Par I Publié le 19 Août 2015

L'Agence américaine du médicament a autorisé mardi 18 août la mise sur le marché d'un comprimé augmentant la libido des femmes. Un médicament dont la prise n'est cependant pas sans risques.


(Crédit: Abd allah Foteih/Flickr)
(Crédit: Abd allah Foteih/Flickr)
Le premier "Viagra" féminin va faire son entrée sur le marché. Destiné aux patientes non ménopausées souffrant d'une libido défaillante, le comprimé Addyi de la firme Sprout pharmaceutical a reçu mardi 18 août l'agrément de la Food and Drug Administration (FDA), l'agence américaine des denrées alimentaires et des médicaments.

L'organisme, qui avait rejeté à deux reprises ce médicament en 2010 et 2013, a finalement suivi les recommandations d'un comité consultatif d'experts. Ce dernier s'est exprimé en faveur de sa commercialisation, par 18 voix contre six.

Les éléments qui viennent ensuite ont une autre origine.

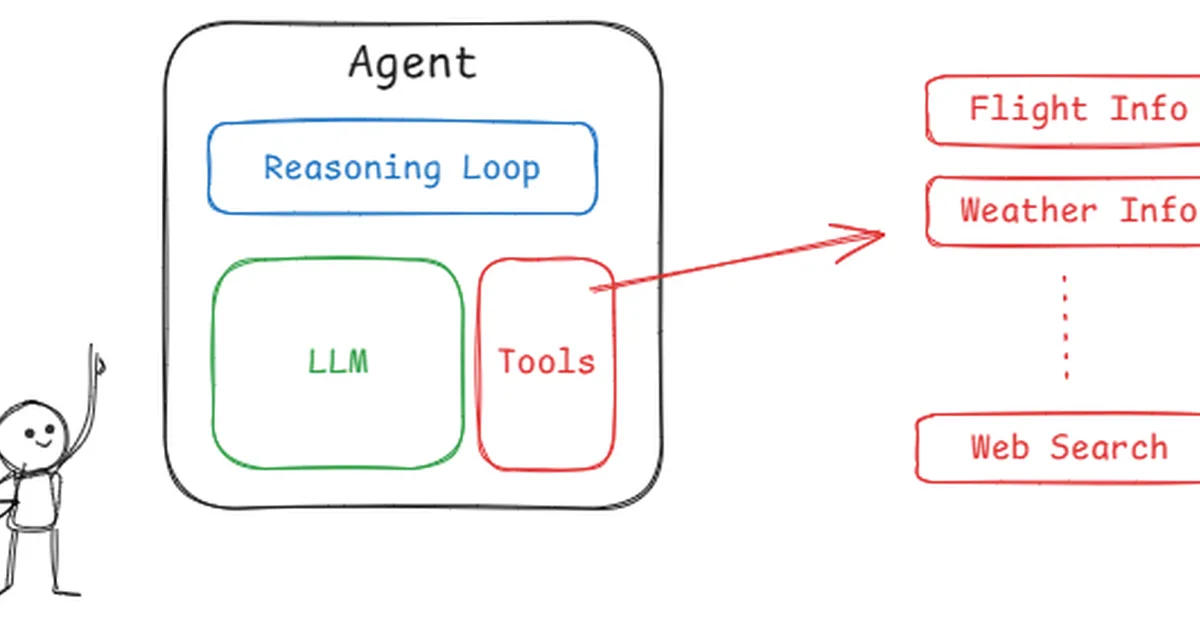 Agents Aren't Magic: The Real Architecture Behind Tool-Calling AI Systems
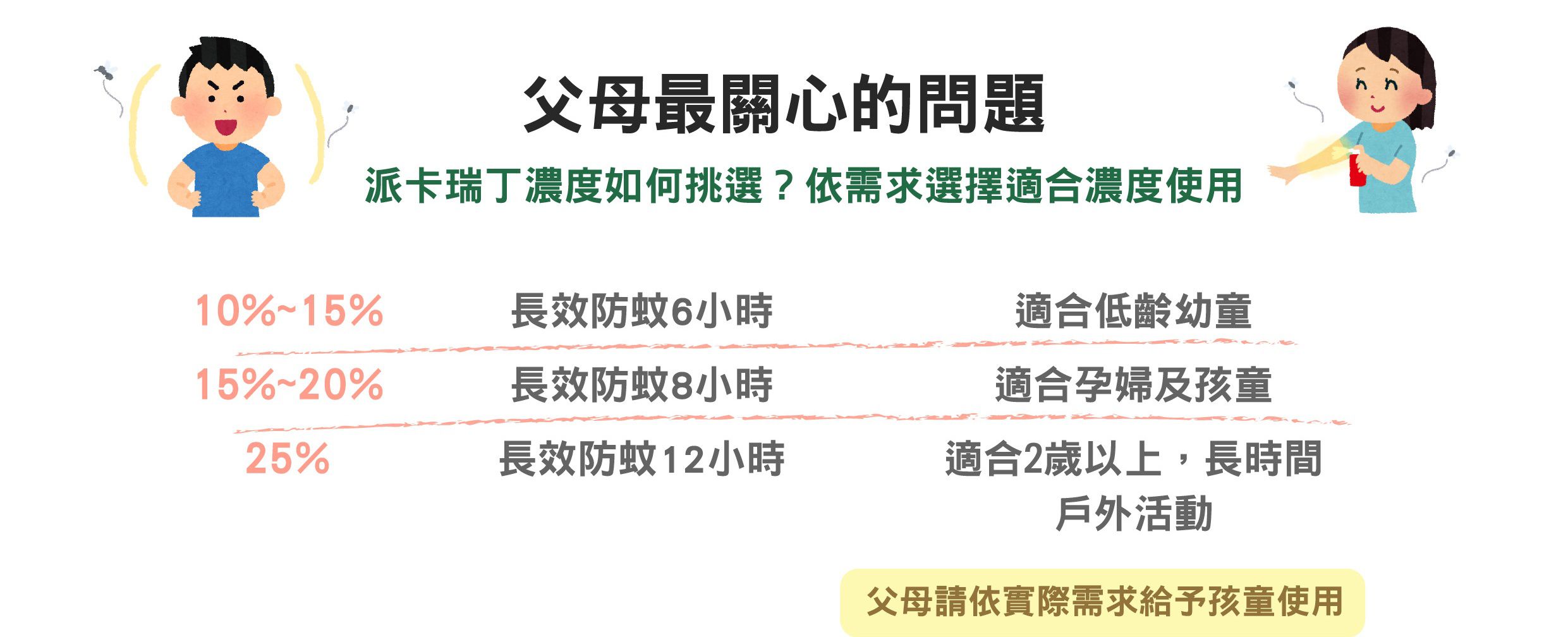 史上最殺出清價！【紐西蘭 派卡瑞丁防蚊液】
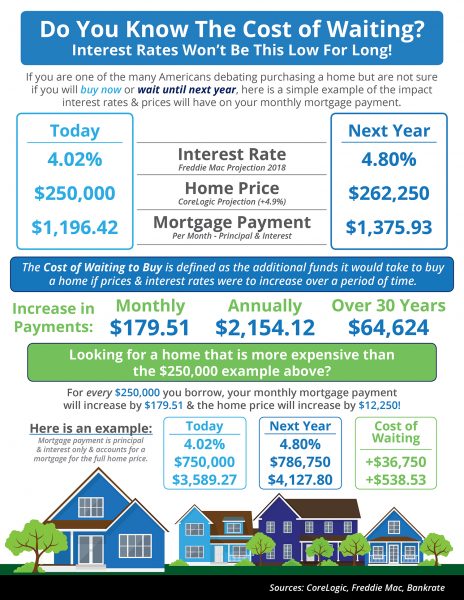 Gold Country Modern - Do You Know the Cost of Waiting?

40% des femmmes en hypoactivité sexuelle

Cette autorisation "fournit aux femmes souffrant d'un faible désir sexuel une option de traitement", a déclaré dans un communiqué Janet Woodcock, docteur et directrice du centre d'évaluation et de recherche sur les médicaments de la FDA. Selon plusieurs études médicales, au moins 40% des femmes non ménopausées présenteraient à différents degrés une hypoactivité sexuelle.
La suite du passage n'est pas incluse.